The Spanish Correoslaunched an addition to the Science series with the issue of a self-adhesive stamp to commemorate the creation of the European Organization for Nuclear Research (CERN) 60 years ago.
The European Organization for Nuclear Research (CERN) was founded in 1954 on the initiative of 12 countries in Europe. The organisation, whose headquarters are in Geneva, Switzerland, is the world's most important research centre into particle physics.
Its laboratories and facilities cover an area of 600 hectares on the border between France and Switzerland.
At present, 20 member states make up CERN: Germany, Austria, Belgium, Bulgaria, the Czech Republic, Denmark, Slovakia, Spain, Finland, France, Greece, the Netherlands, Hungary, Italy, Norway, Poland, Portugal, the United Kingdom, Sweden and Switzerland.
There are also eight institutions and countries that act as observers.
Research at CERN uses the largest and most complex scientific instruments ever built, and which study the basic components of matter, such as the particles forming our universe.

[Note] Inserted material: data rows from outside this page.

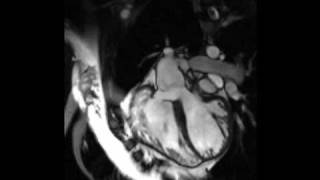 Cardiac MRI  Tetralogy of Fallot [upl. by Ydualc]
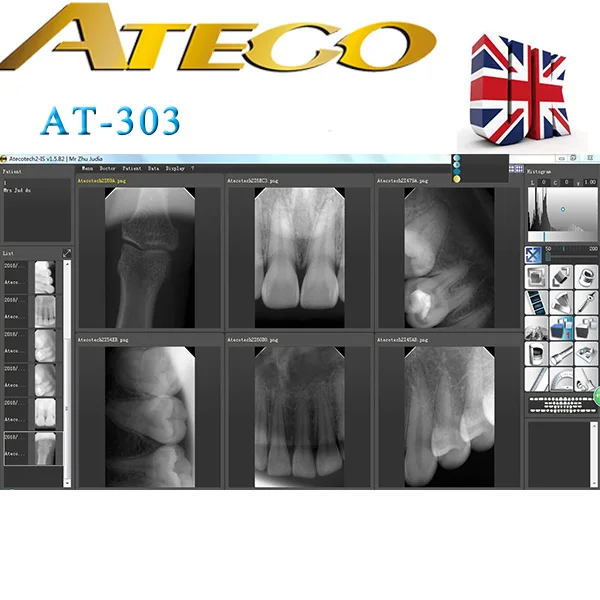 ATECO  digital  x  ray  sensor  dental  rvg  made  in  UK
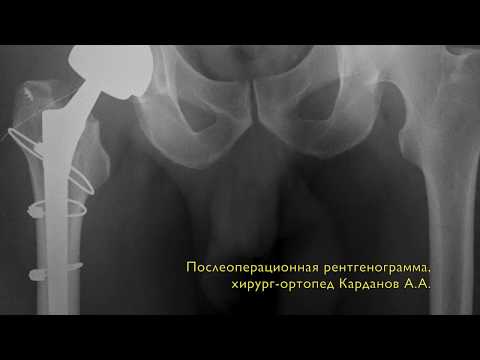Подготовка на мрт грудного отдела позвоночника Сустав пальцы рук косточки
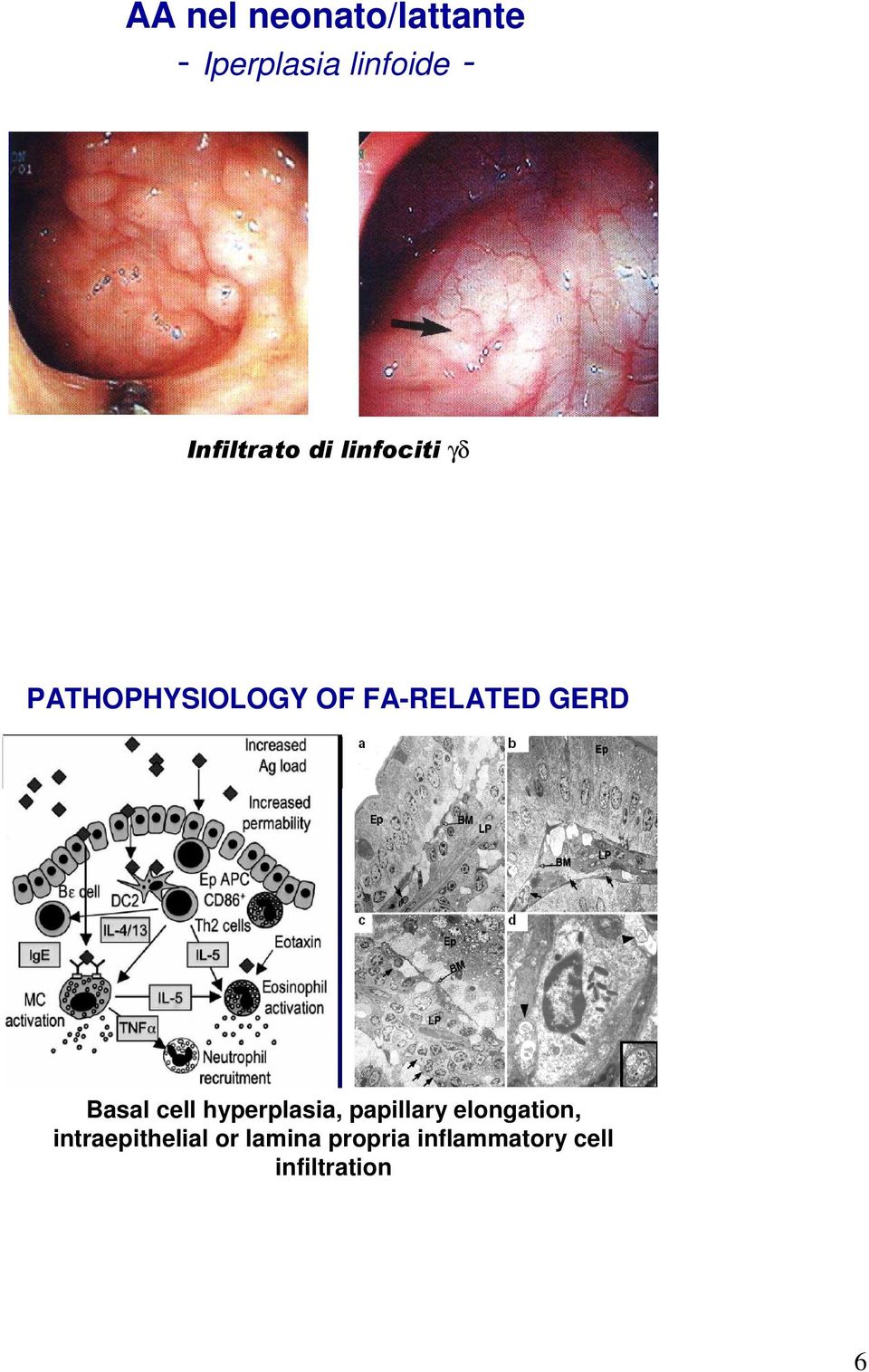 FA-RELATED GERD Basal cell hyperplasia, papillary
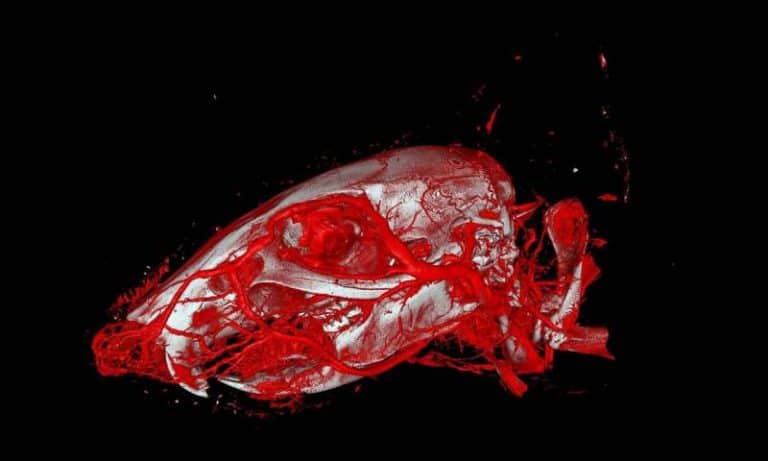 Increased usability and precision in vascular imaging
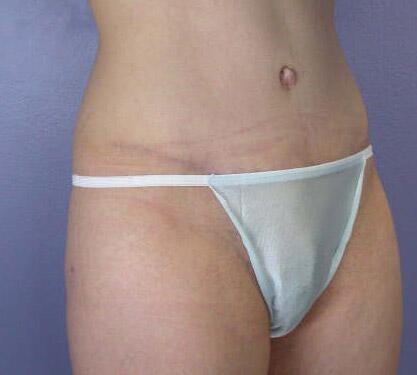 Liposuction Before & After Image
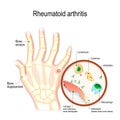 Rheumatoid Arthritis RA is an auto immune disease and inflammatory type of arthritis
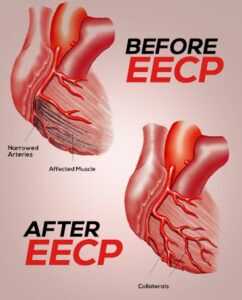 eecp treatment for heart failure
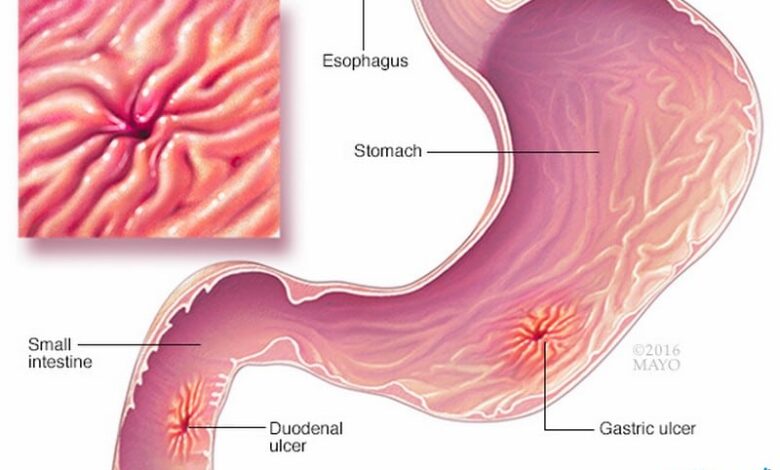 طرق علاج قرحة المعدة بالأدوية والأعشاب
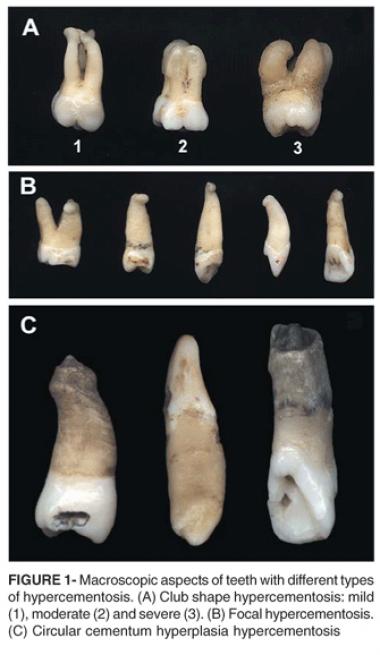 HIPERCEMENTOSIS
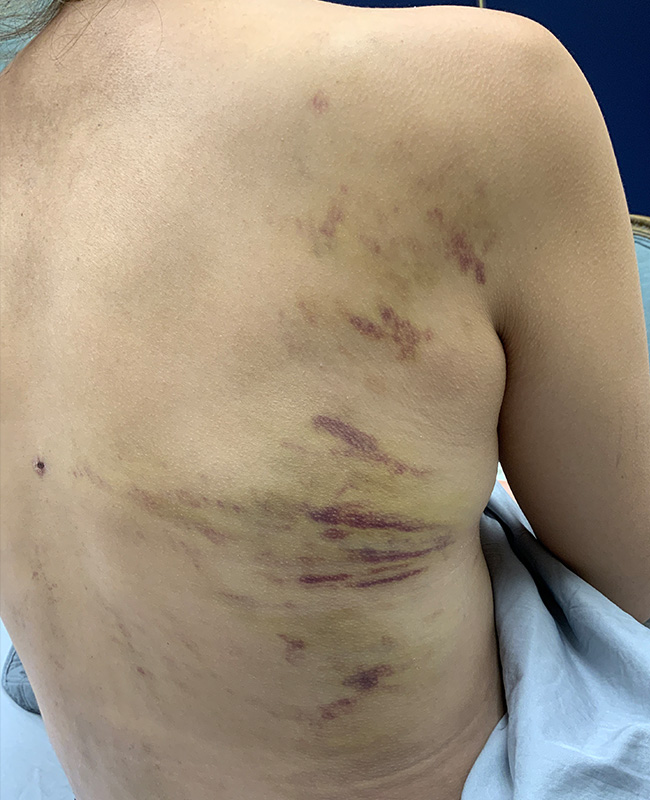 Lymphatic Drainage Massage Before and After | Montilla Plastic Surgery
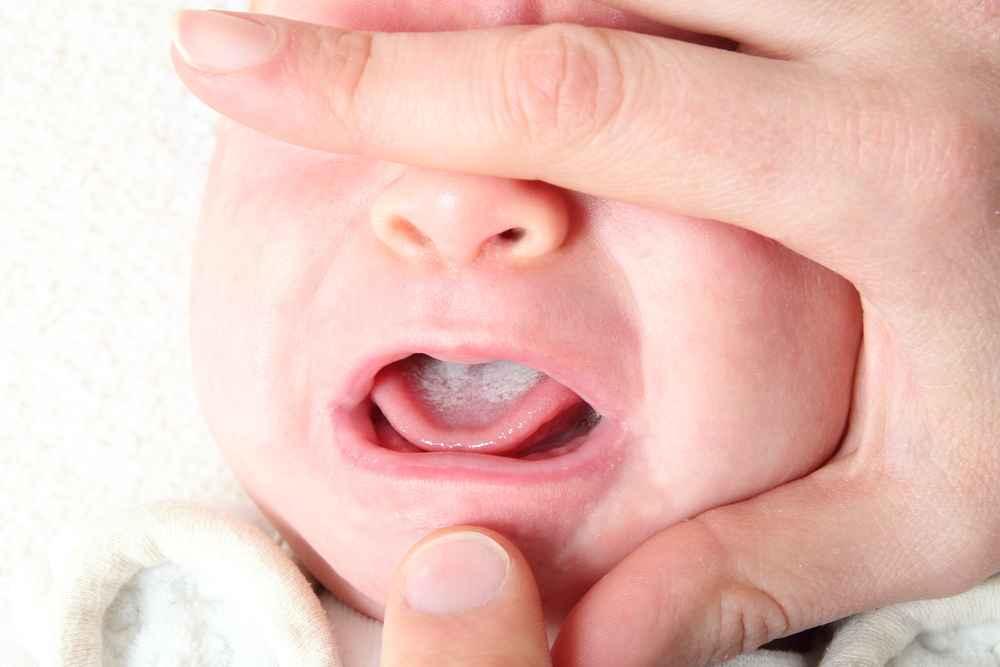 neonatal-candidiasis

Among these instruments are the particle colliders and sensors. The colliders accelerate beams of particles to almost the speed of light and make them crash into each other or into fixed objects. The sensors observe and record the results from these collisions.
Scientists from all over the world work with the 20 European countries forming CERN, and around 10,000 particle physicists regularly go to the centre to carry out their research there.
Spain joined the organisation in 1961 and left in 1968, re-joining in 1983. Over 30 universities and scientific institutes in Spain work with CERN.
The stamp design shows the underground tunnel at CERN where the particle collider is located. It is surrounded by the flags of the member states and the organisation's logo.